La présidentielle présente un certain nombre de caractéristiques qui favorisent cette ouverture de l’offre politique. Les enjeux y sont plus clairs. Le candidat vainqueur obtient le pouvoir. Ce n’est pas le cas des élections locales, où les mécanismes politiciens confisquent les choix des électeurs : vous pensiez voter Front de Gauche ? Vous avez fait un département PS. Vous pensez être nombreux à voter Front National ? Il ne dirigera aucun département. Le “troisième tour” des départementales, ce moment où les conseils nouvellement élus font et défont leurs alliances, cristallise cette dépossession du vote que subissent les électeurs.
Ces mécanismes de dépossession jouent aussi en amont des élections. Comment une idée ou un programme peuvent-ils être visible dans l’offre politique en France ? Il nous semble qu’un important processus de sélection est à l’œuvre dans la définition de cette offre : Il y a tout à d’abord la notoriété médiatique, un élément discriminant bien connu, qui est du à la nécessité, pour les journalistes, de miser sur le parti ou le candidat le plus offrant en lecteurs/auditeurs/téléspectateurs, et donc de mettre de côté les nouvelles propositions politiques.

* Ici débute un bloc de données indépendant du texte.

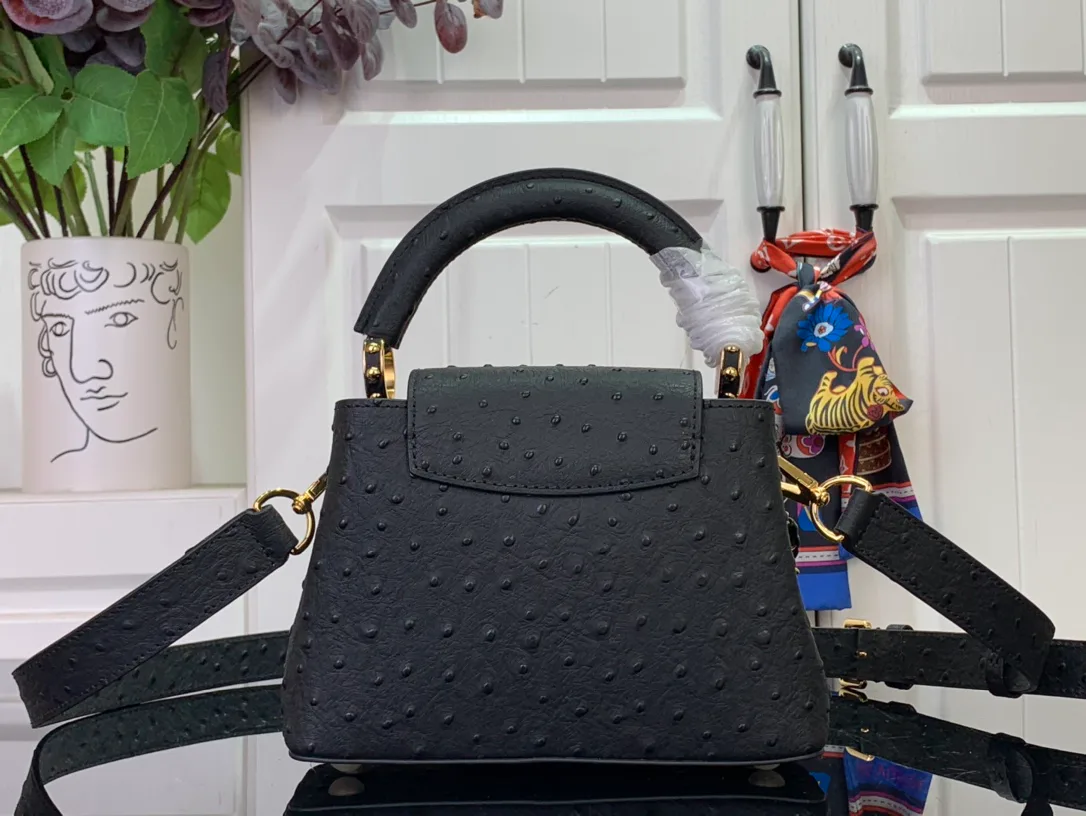 Сумки На Ремне Женские Louis Vuitton 14714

Les contraintes posées aux médias durant les deux semaines qui précèdent le premier tour de l’élection présidentielle, en termes d’égalité de temps de parole, est une correction certes minime, mais qui peut expliquer le foisonnement idéologique que connaît le pays durant cette période, et donc une participation plus forte.

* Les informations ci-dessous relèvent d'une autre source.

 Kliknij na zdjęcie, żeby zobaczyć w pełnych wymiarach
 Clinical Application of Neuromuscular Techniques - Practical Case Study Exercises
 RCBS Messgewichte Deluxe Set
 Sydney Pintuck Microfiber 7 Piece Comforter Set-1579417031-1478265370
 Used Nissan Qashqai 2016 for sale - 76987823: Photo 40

Mais il existe aussi des contraintes matérielles fortes qui contribuent à ce rétrécissement de l’offre : un parti qui participe aux élections municipales doit, pour pouvoir obtenir un financement, compter sur les capacités d’emprunt de son candidat, à titre personnel. Celui-ci doit convaincre un banquier de lui prêter de l’argent, et ses chances de réussite sont favorisés par ce qui fait la réussite de toute demande de prêt, c’est à dire la possession significative de patrimoine (dont disposent seulement une minorité de Français) mais aussi l’anticipation positive du dépassement du seuil de remboursement d’une campagne : obtenir au minimum 5% des suffrages. On confie donc aux banquiers le soin d’évaluer les chances de réussite d’un candidat ! Dans le cas d’une grande ville, un candidat disposant de conseillers à temps plein, de communicants, d’espaces publicitaires, sera nettement plus visible qu’un candidat ne pouvant compter que sur des militants bénévoles non-professionnels et des moyens limités.

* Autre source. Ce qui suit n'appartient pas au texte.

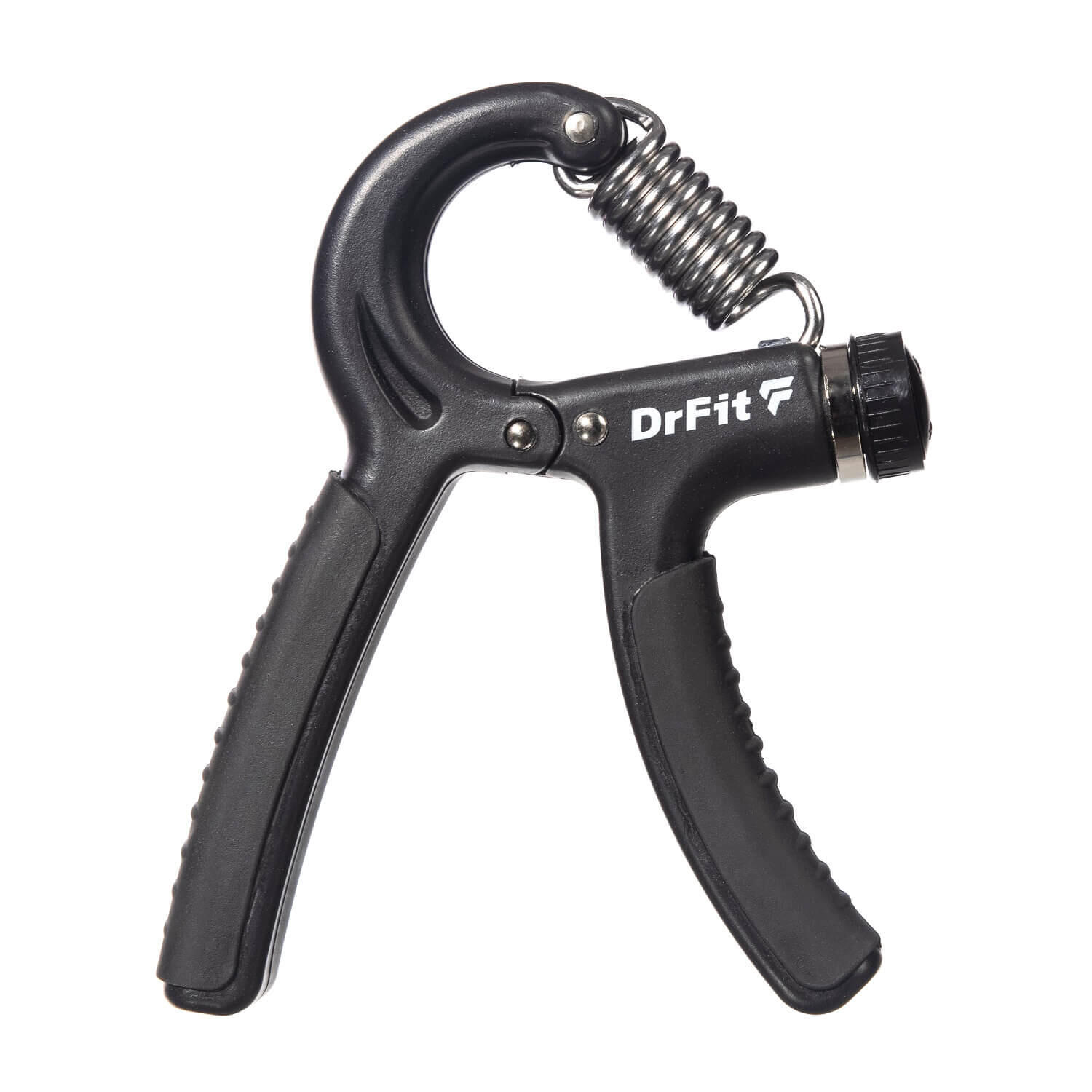 DRFIT picture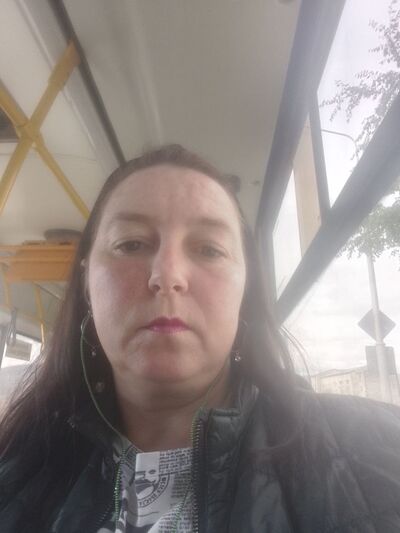  -,   Tata, 43 ,   ,   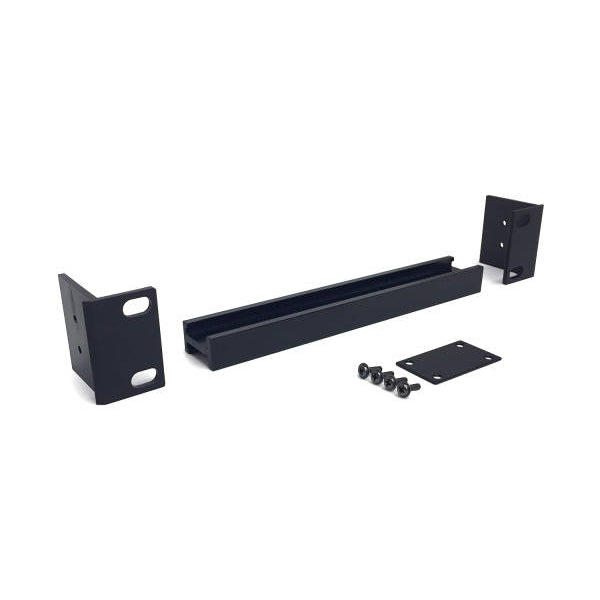 Synth 7 Dual Rackmount Kit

Il y a donc une nette différence entre une offre politique existante théoriquement, à laquelle font référence les défenseurs du vote obligatoire pour justifier leur projet, et l’offre politique réelle, qui dépend d’une visibilité médiatique et de moyens matériels. Il est extrêmement difficile, voire impossible en l’état actuel, pour une force politique nouvelle ou originale, d’apparaître et d’exister en France.
Le vote obligatoire n’est qu’une manière de forcer les Français à choisir parmi une offre réduite, comprise entre deux partis hégémoniques et leurs satellites, défendant le même programme économique et se divisant occasionnellement sur des sujets de société. Le but de ce projet est de légitimer à tout prix cet état de fait, en accordant tout de même le vote blanc à ceux qui ne se plieraient pas à cette injonction morale d’adhérer à l’offre existante. Un vote blanc dont Monsieur Bartolone précise qu’il ne s’appliquerait pas durant le deuxième tour des présidentielles. D’où vient cette bizarrerie législative ? Monsieur Bartolone est-il à ce point peu assuré de la légitimité de son sérail qu’il redoute un scénario catastrophe où le vote blanc serait le candidat victorieux de la présidentielle de 2017 ?
Ce serait là une belle leçon de démocratie à l’égard de ceux qui refusent de la comprendre.